New York in Trouble??????
April 17, 2008
– Comments (6)
Half of Bear Stearns workers likley to lose their jobs. Merrill cuttng 10% of its workforce. Citi announcing cutting 20% of ALL spend. Estimates are for about 35% of Wall Street workers to lose their jobs.
Many of these jobs were directly related to the easy money products of the past seven years. Now that those products are gone, so is the revenues and the jobs. We are likley talking about hundreds of thousands of jobs collectively once you factor support staff. In addition, many of these are high paying jobs that can't be replaced.
First, just think about the office vacancy that will result. Then think about the ability of many of these workers to service the lifestyle they have become used to and the effect. Homes will have to be sold. Visits to stores and restaurants will be curtailed causing hardship for the workers of those businesses.
Although I have not seen a credible study on the issue, one would have to think that hundreds of thousands of financial workers, IT workers, restaurant workers, retail workers, and those that provided other types of support will be affected.

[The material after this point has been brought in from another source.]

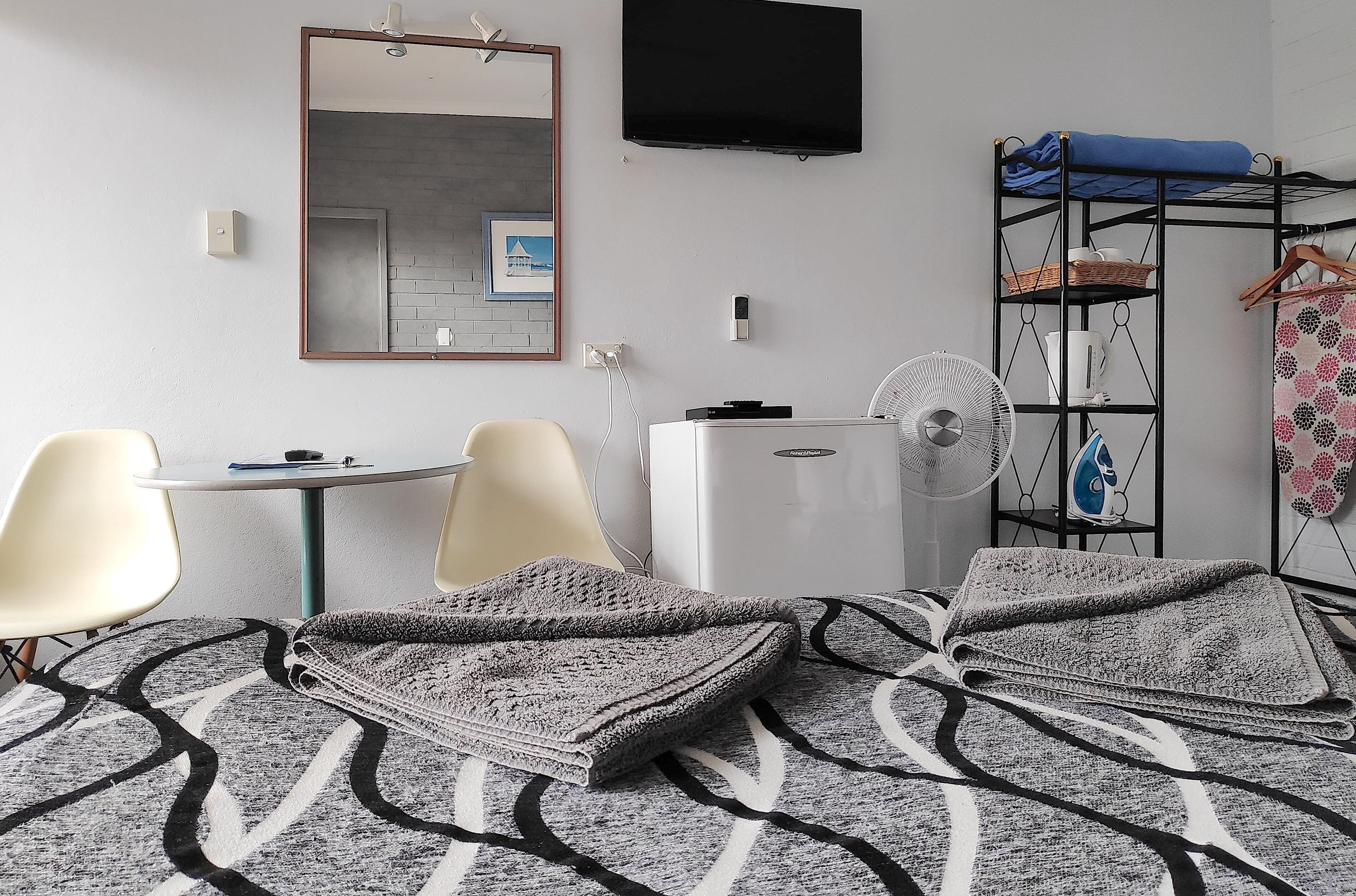 A hotel room with a bed, two chairs, a small table, a TV, a heater, a fan, and a wardrobe with a hanging rack.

Office vacancies will likely skyrocket. Building values will plumment. Debt will likely default. Homes will get foreclosed. Housing values will fall due to rising foreclosures and less demand.
Remember, Citi is cutting 20% of ALL spend. That will have a tremendous ripple effect in the economy. Compound that by cutbacks at almost every major financial institution. The fallout will likely be incredible to restaurants, retailers, apartment buildings, and a variety of other service businesses.
Just a guess, but by the end of the summer, the emotional well being of New Yorkers will be very different than it is today.
In case you think I am just singling out New York, this trend to varying degrees is happening all over the country.